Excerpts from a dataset
——————
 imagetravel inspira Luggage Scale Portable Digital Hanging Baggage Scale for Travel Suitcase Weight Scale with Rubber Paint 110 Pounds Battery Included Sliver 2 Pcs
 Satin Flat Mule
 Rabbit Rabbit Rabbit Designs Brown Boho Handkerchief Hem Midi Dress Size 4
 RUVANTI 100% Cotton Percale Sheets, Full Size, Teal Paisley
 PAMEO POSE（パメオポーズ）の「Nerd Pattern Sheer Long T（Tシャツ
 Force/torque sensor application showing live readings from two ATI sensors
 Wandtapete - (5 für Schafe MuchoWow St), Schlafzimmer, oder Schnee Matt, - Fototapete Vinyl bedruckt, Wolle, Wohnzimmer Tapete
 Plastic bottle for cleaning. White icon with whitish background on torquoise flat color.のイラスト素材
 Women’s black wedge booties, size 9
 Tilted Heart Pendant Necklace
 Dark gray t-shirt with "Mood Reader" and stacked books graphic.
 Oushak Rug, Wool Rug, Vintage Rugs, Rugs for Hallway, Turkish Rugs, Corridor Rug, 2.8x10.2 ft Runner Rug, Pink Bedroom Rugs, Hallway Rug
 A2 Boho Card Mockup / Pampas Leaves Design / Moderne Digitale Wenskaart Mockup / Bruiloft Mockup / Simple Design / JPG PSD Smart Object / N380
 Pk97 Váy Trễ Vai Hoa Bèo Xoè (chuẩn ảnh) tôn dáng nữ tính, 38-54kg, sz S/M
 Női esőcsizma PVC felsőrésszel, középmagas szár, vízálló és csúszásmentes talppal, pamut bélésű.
——————
Return exactly the lines in the records above, beginning with the one that holds "Women’s black wedge booties, size 9" and ending with the last.

Response:
 Women’s black wedge booties, size 9
 Tilted Heart Pendant Necklace
 Dark gray t-shirt with "Mood Reader" and stacked books graphic.
 Oushak Rug, Wool Rug, Vintage Rugs, Rugs for Hallway, Turkish Rugs, Corridor Rug, 2.8x10.2 ft Runner Rug, Pink Bedroom Rugs, Hallway Rug
 A2 Boho Card Mockup / Pampas Leaves Design / Moderne Digitale Wenskaart Mockup / Bruiloft Mockup / Simple Design / JPG PSD Smart Object / N380
 Pk97 Váy Trễ Vai Hoa Bèo Xoè (chuẩn ảnh) tôn dáng nữ tính, 38-54kg, sz S/M
 Női esőcsizma PVC felsőrésszel, középmagas szár, vízálló és csúszásmentes talppal, pamut bélésű.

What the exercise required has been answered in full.